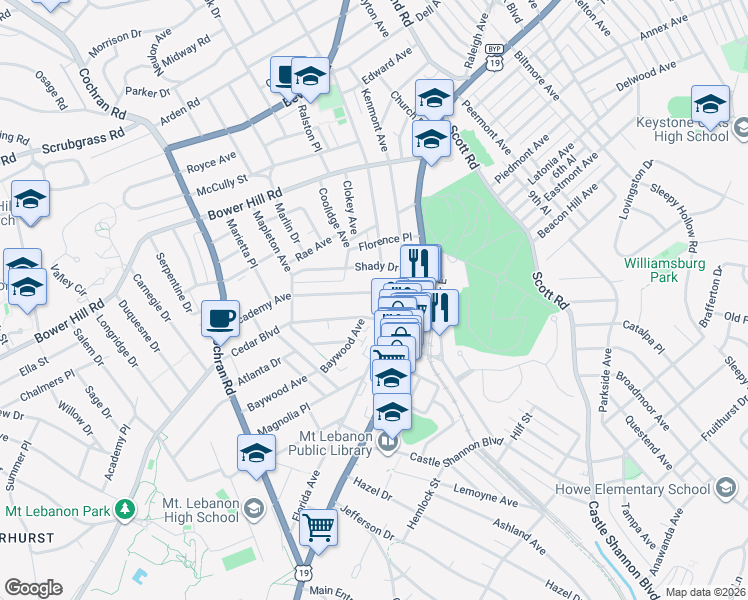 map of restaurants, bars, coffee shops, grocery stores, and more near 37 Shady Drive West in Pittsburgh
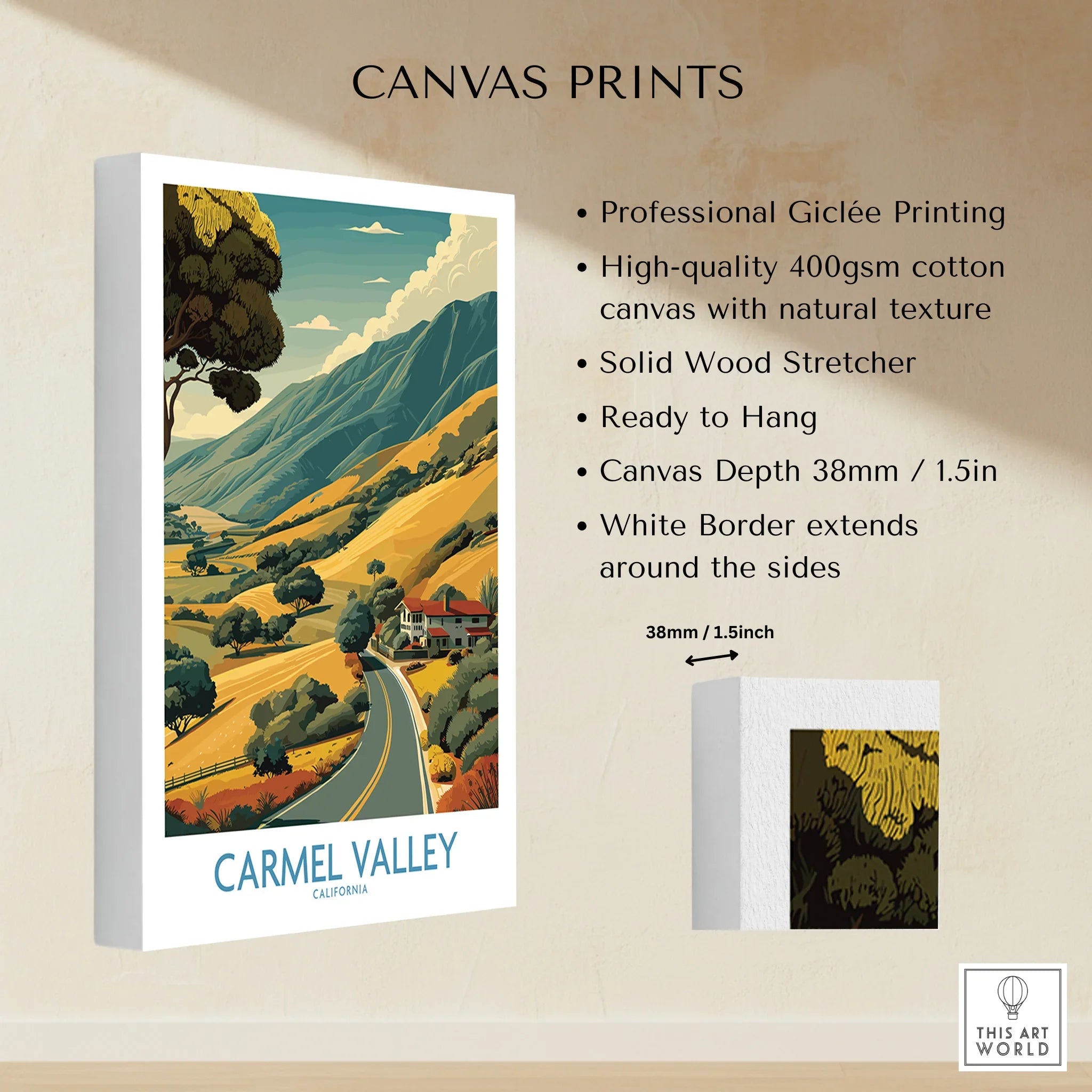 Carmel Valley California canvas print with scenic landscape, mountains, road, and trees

● ● ●

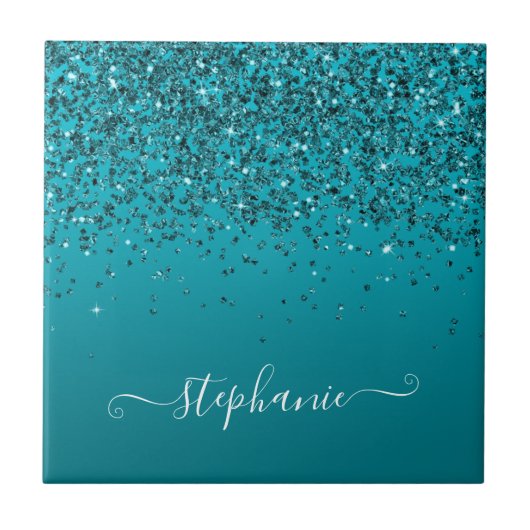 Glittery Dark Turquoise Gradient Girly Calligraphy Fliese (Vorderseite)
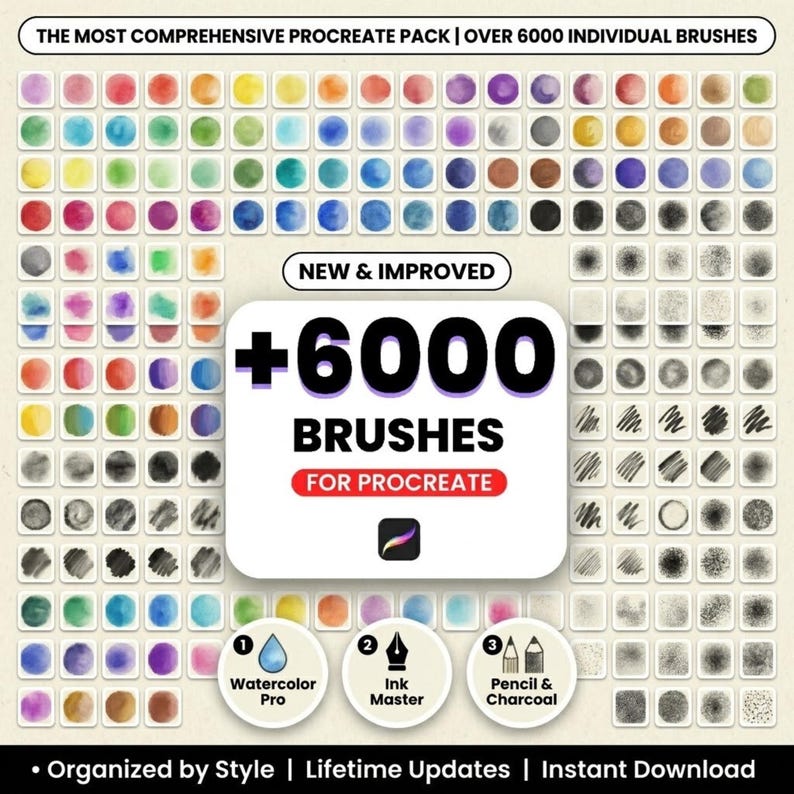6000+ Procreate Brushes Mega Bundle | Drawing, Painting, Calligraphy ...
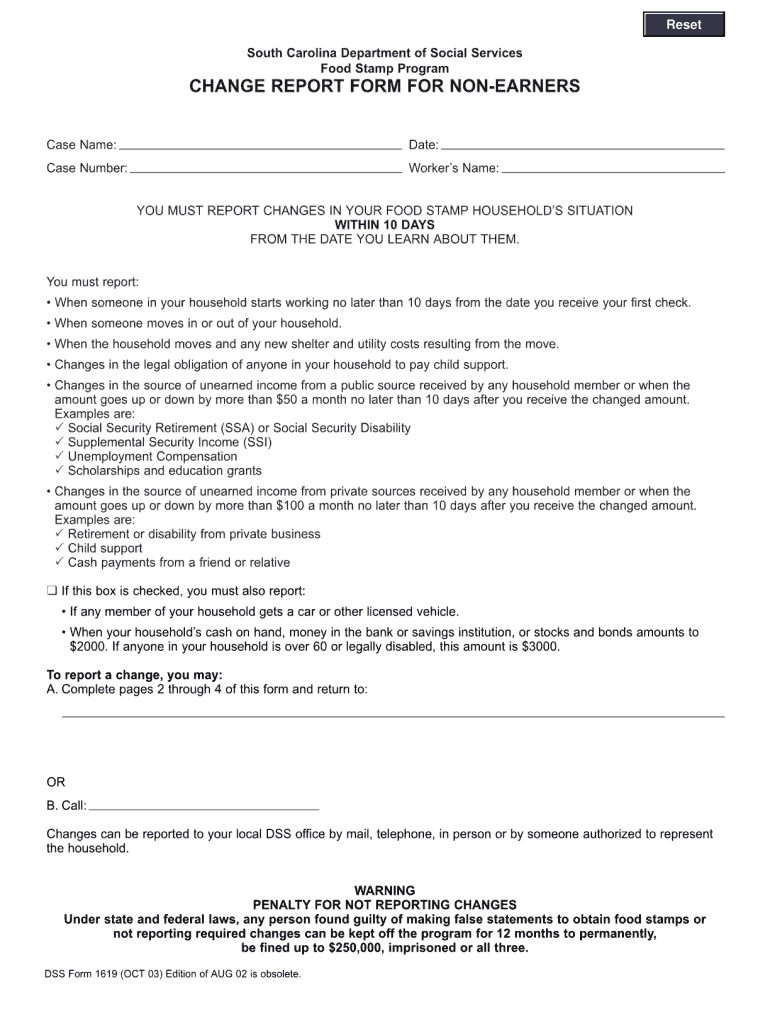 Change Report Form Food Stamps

● ● ●

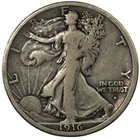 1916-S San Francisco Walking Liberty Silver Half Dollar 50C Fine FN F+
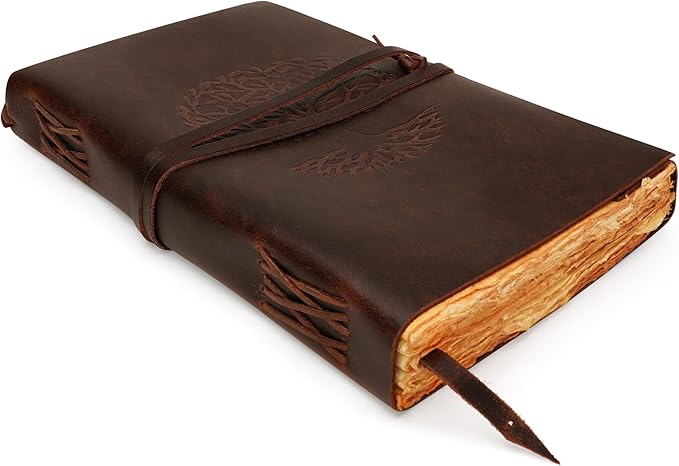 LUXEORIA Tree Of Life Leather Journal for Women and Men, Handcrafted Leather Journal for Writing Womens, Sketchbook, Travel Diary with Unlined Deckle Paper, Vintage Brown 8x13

● ● ●

▶ **DESCRIPTION OF THE TASK**
In the material above, the stretch from the line with "Glittery Dark Turquoise" through the line with "Change Report Form Food Stamps" is to be given again exactly, minus the pictures.

▶ **SOLUTION TO THIS TASK**
 Glittery Dark Turquoise Gradient Girly Calligraphy Fliese (Vorderseite)
6000+ Procreate Brushes Mega Bundle | Drawing, Painting, Calligraphy ...
 Change Report Form Food Stamps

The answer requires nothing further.